Part of 10.5.8 of Topology and Groupoids is, in a more usual notation, essentially the following, in which $\sigma, \tau$ are the source and target maps, $St_G x$ is $\sigma ^{-1} x$, by $N$ is totally disconnected is meant that $N(x,y)$ is empty for $x \ne y$, and normality of $N$ in $G$ also means that $N,G$ have the same set of objects:
Let $X$ be a space which admits a universal cover, and let $N$ be a totally disconnected normal subgroupoid of the fundamental groupoid $\pi_1( X) $, Then the set of elements of the quotient groupoid $\pi_1(X)/N$ may be given a topology such that the projection $$q = (\sigma, \tau) : \pi_1(X)/N \to X \times X$$ is a covering map and for $x \in X$ the target map $\tau :St_{\pi_1( X)/N} \to X$ is the covering map determined by the normal subgroup $N(x)$ of $\pi_1(X, x)$.
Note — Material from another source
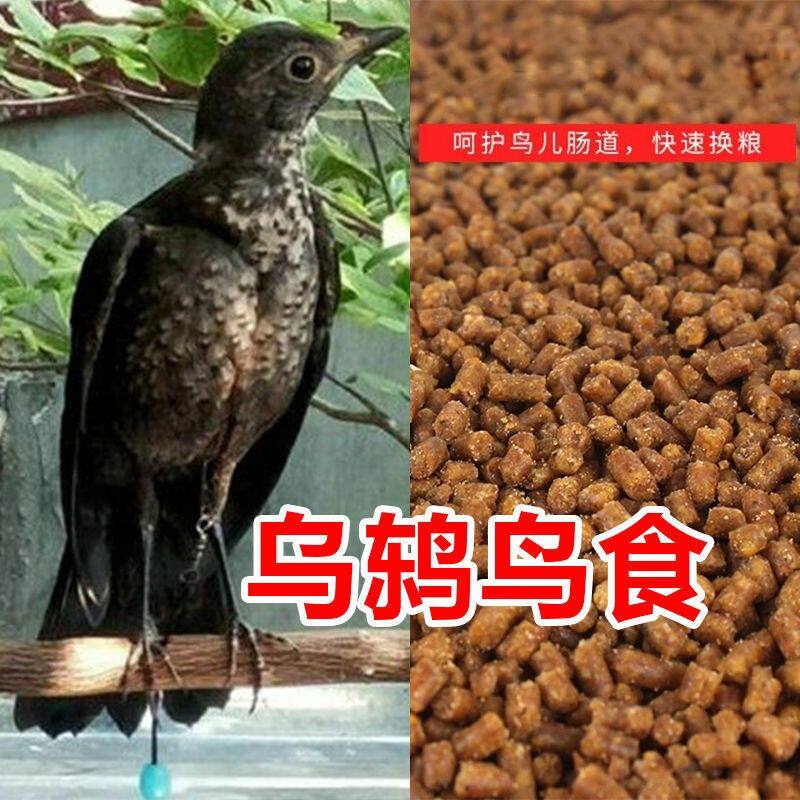 ②乌鸫鸟饲料鸟食鸟粮鹩哥鸟八哥鸟喜鹊鸟食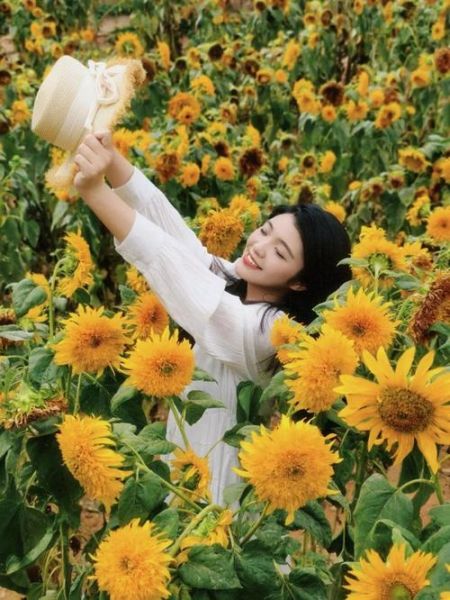 唯美图片大全哪里找_唯美图片怎么拍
So this uses all the points of $X$ and puts all these covers into a covering space, which means you don't make a choice of base point; instead you use all the choices. Further, $\pi_1(X)/N$ with this topology is actually a topological groupoid.
This may be the optimal way of answering the question.
I believe that you can do a similar trick with getting a bundle of $n$-th homotopy groups over $X$ if $X$ admits a universal cover, and that this was to be in the Dyer and Eilenberg book on algebraic topology.